Recently, I was walking outside near my job in Baltimore City. A mother in her late twenties said to her young daughter of about three years old, “Keep the f*** up!” I paused near the local Payless Shoe Store window, trying not to stare. Then she repeated her command and grabbed her daughter’s cheeks and squeezed them together until she cried and repeated, “I SAID KEEP THE F*** UP!”
I was horrified.
Unfortunately, this was not the first time I’d heard inner city mothers berate their children publicly in this manner. Each time, it cut me to my core. Each time, I walked away and shrugged it off thinking, It’s not my child. Let me mind my own business.
But there was something different this time. When she grabbed the pretty girl’s face, I felt it too. When she cursed at her like they both were in a prison gang, I cringed inside; it was painful to watch and to hear.
I glanced at them, as she dragged the crying girl down the street, pulling her like she was a discarded rag doll.
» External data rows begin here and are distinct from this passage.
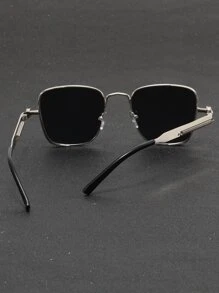 1pair Men's Metallic Square Lateral Punk Style Glasses Beach Accessories Glasses Shades - Grey - View 4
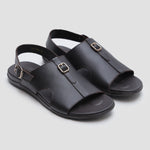 black leather flip flop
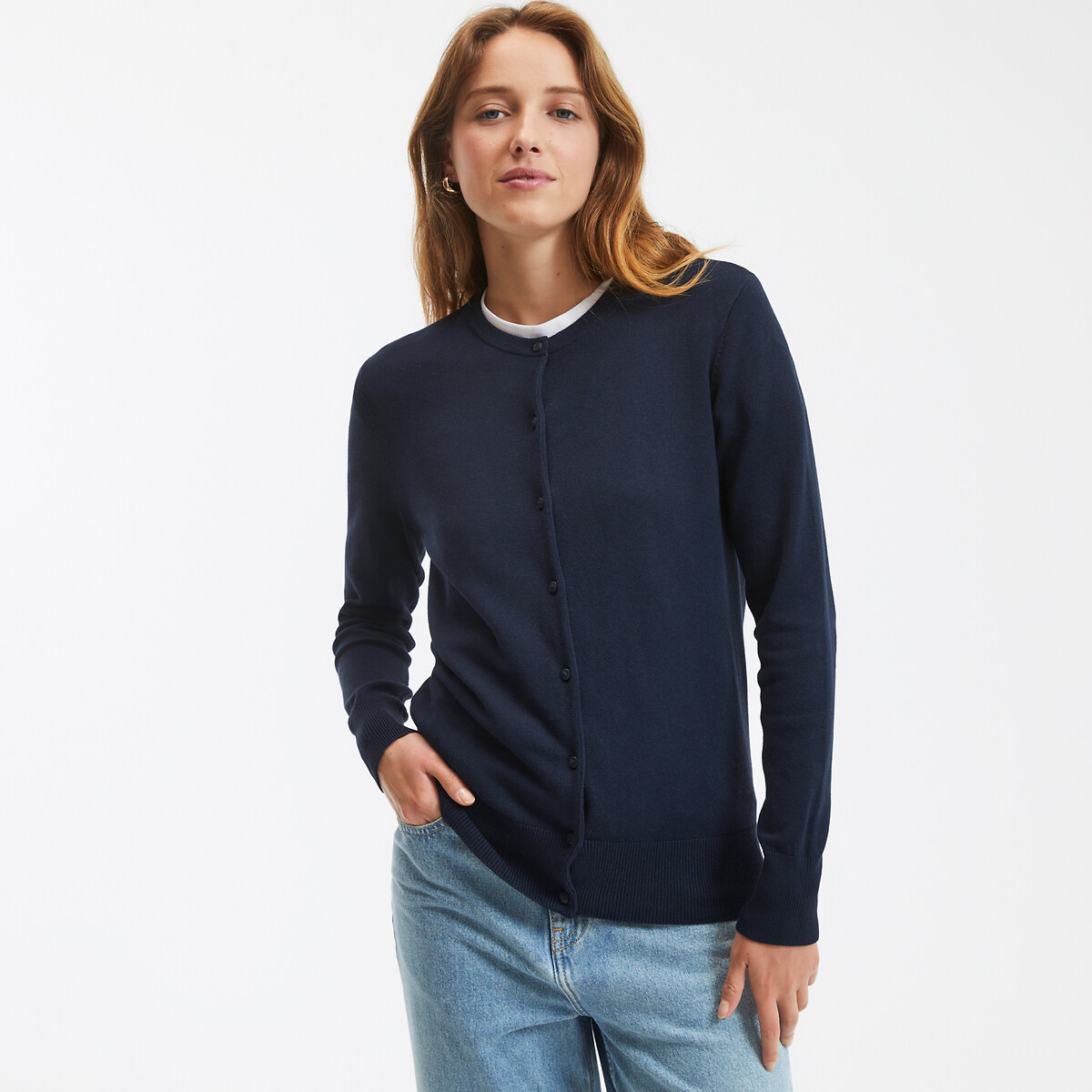 COLEÇÃO LA REDOUTE<br>Colete justo com gola redonda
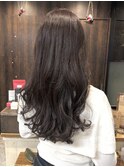ロングショートワンカールパーマカーキグレージュ前髪錦糸町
I wanted to give that “mother” a piece of my mind. I wanted to ask Baby Girl if she was okay, but I moved on in the opposite direction.
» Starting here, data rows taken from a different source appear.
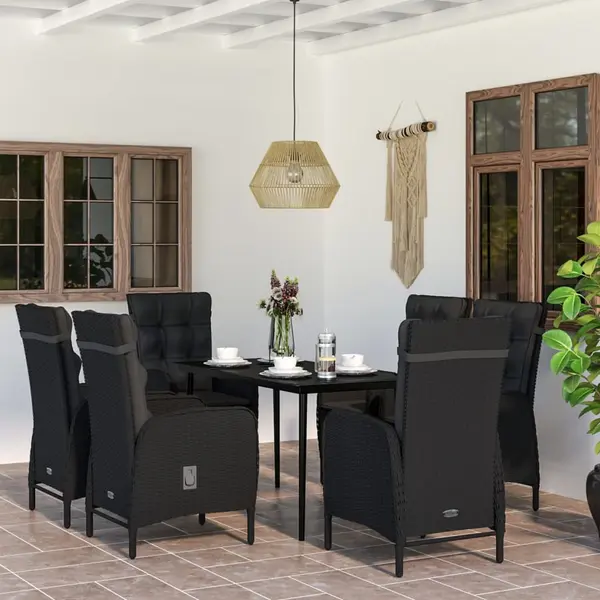 Gossi set de masa pentru gradina, 7 piese, cu perne, negru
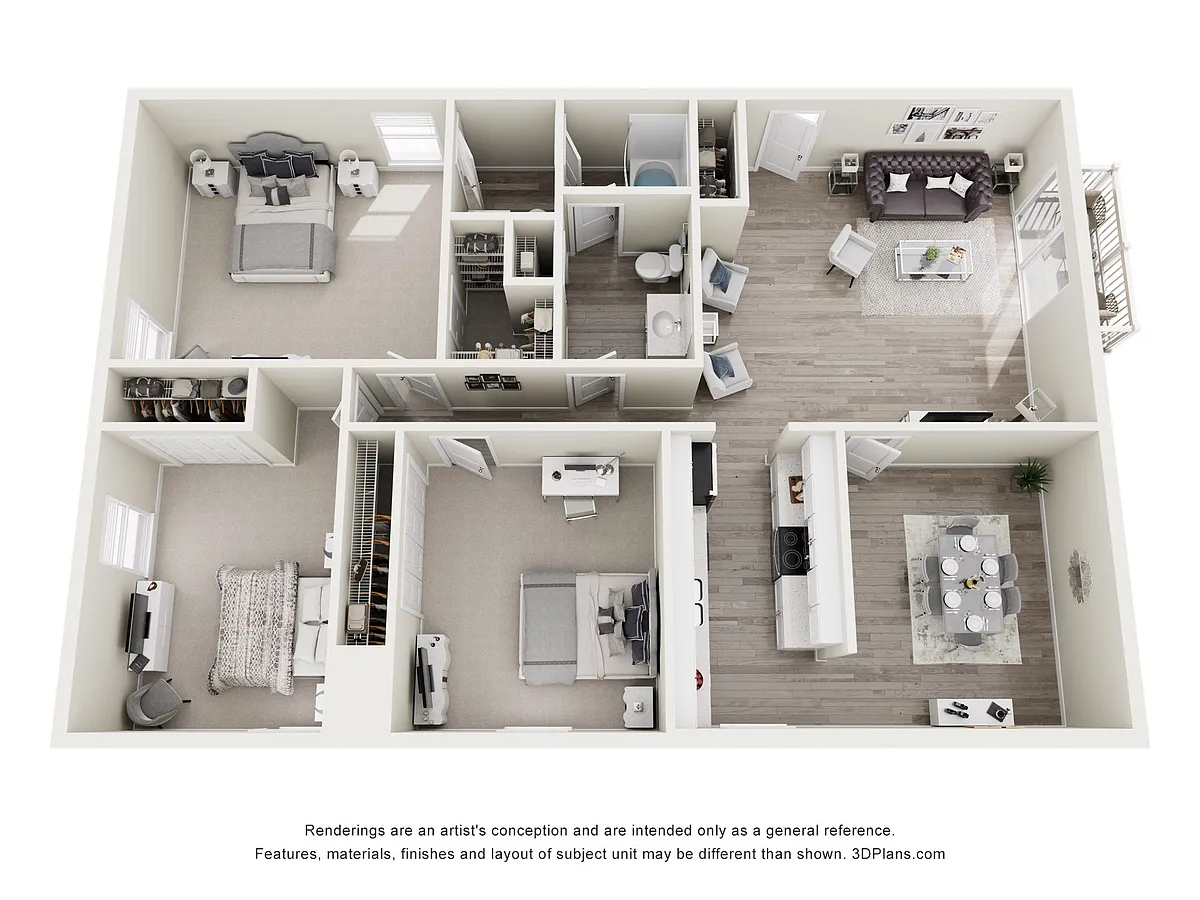 Floor plan Three Bedroom Type S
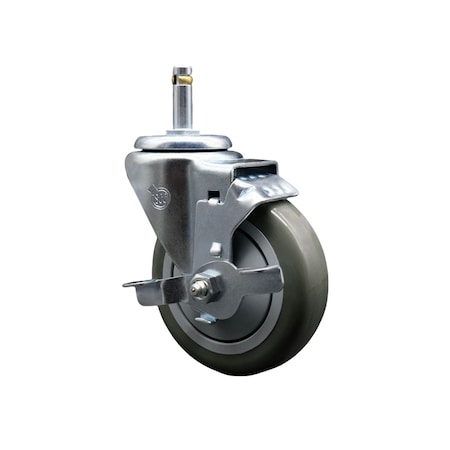 Service Caster 4'' Gray Polyurethane Wheel Swivel 7/16'' Grip Ring Stem Caster with Brake SCC-GR20S414-PPUB-TLB-716138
I walked around in a bit of daze reflecting on the mother’s actions and my inaction. When I thought back on it, when that mother first yelled at her child, Baby Girl didn’t even flinch. It was clear this was a “normal” conversation between them. It was only when she hurt her face was there a reaction.
How many other children are being raised in this manner where this is considered ordinary behavior? If this goes on in the street, what goes on behind closed doors?
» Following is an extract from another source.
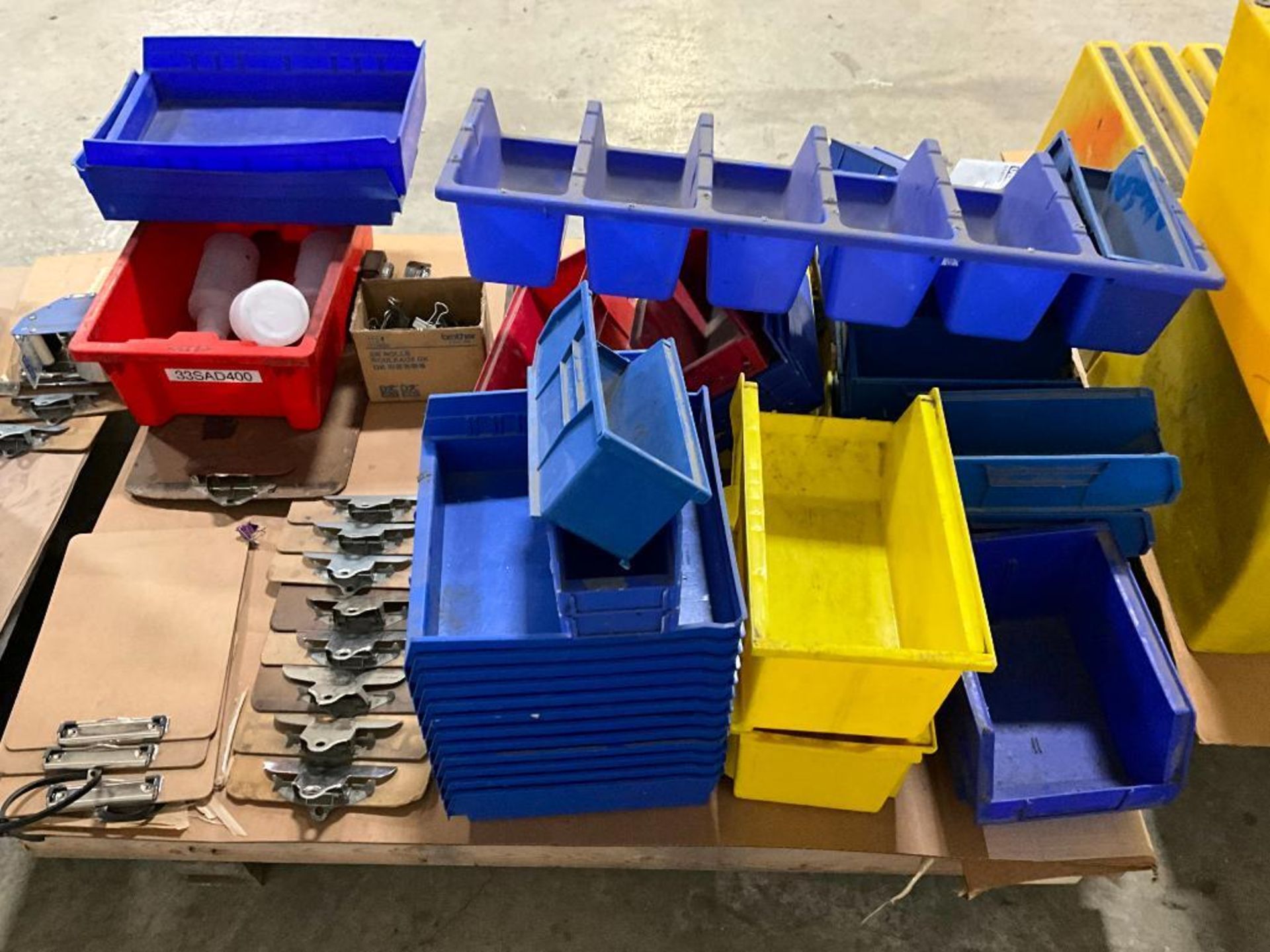 (3) Pallets w/ Yellow Step Stools, Yellow Step Stairs, Large Blue Parts Bins, Small Blue Parts Bins, - Image 10 of 26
I cannot fathom the psychological damage inflicted by this type of upbringing. Since the children are in purgatory at home, when they are placed in a normal environment, such as a school classroom, their conduct oftentimes is off the hook! Video games, rap music and horror movies may be contributing factors to irrational behavior, but I believe the buck stops with the parent, not with the teacher.
These children – and I believe there are many of them – are “our” future. Sprinkled in with the privileged children will be these broken souls, anxious for attention by any means necessary, including bullying, fighting, lack of respect for authority, violent mood swings, etc. And what will society do? Prescribe pills, label them ADHD, and put them with the class of kids deemed “slow.” And at the end of the day, where do they go? Right back home with wayward parents who don’t give a damn about themselves, let alone the children they brought into the world. Many of these children are nothing more than a way to get paid!
My nephew has one such young man in his class. At the age of seven, Corey* is already showing signs of being a juvenile delinquent. Corey hits children for no reason. He calls his classmates hurtful names and has no respect for authority. My nephew, along with other students, was a direct recipient of Corey’s wrath. School aids and teachers alike constantly reprimanded Corey, to no avail. One day, Corey decided to pick up a smaller, younger student and slam him to the ground because he felt like it. Since this was like his umpteenth time of being in trouble, that he was (finally) suspended. His father is a known street hustler; his unwed mother is a young girl herself. Both parents (on different days) came to the school to protest the school’s decision. They screamed on the school and insisted Corey NOT be suspended. He’s just a kid! So the school caved and Corey was not suspended. Didn’t miss one day.
Personally, I think that Corey should have stayed his behind home for at least one day. I fear his parents defending him did not teach him a lesson. It will just cause him to be more calculating next time.
I grew up on a block that many comedians talk about – the block where the neighbors kept an eye on you and reported you to your parents if necessary. We played outside, getting all sorts of physical activity on a daily basis. We had a strict curfew and knew our place. Church wasn’t an option; it was a requirement. I could not go anywhere without my parents meeting my friends and also knowing their parents too, and we always had to travel as a group.
That village that used to raise a child has eroded. Neighbors barely speak to one another and their children follow suit. I don’t even see children playing with each other outside anymore, except for an occasional bike ride or hoops game. Now they’re holed up at home in front of a television that has over 800 channels to choose from. Sitting down has replaced moving around. I’m not knocking technological progress, but instead of it being a companion to the old school way of life, it has replaced and eradicated many of the morals and values that helped shape my generation of youth into successful adults.
I want to believe that our children are our future. I’m just scared it might be true.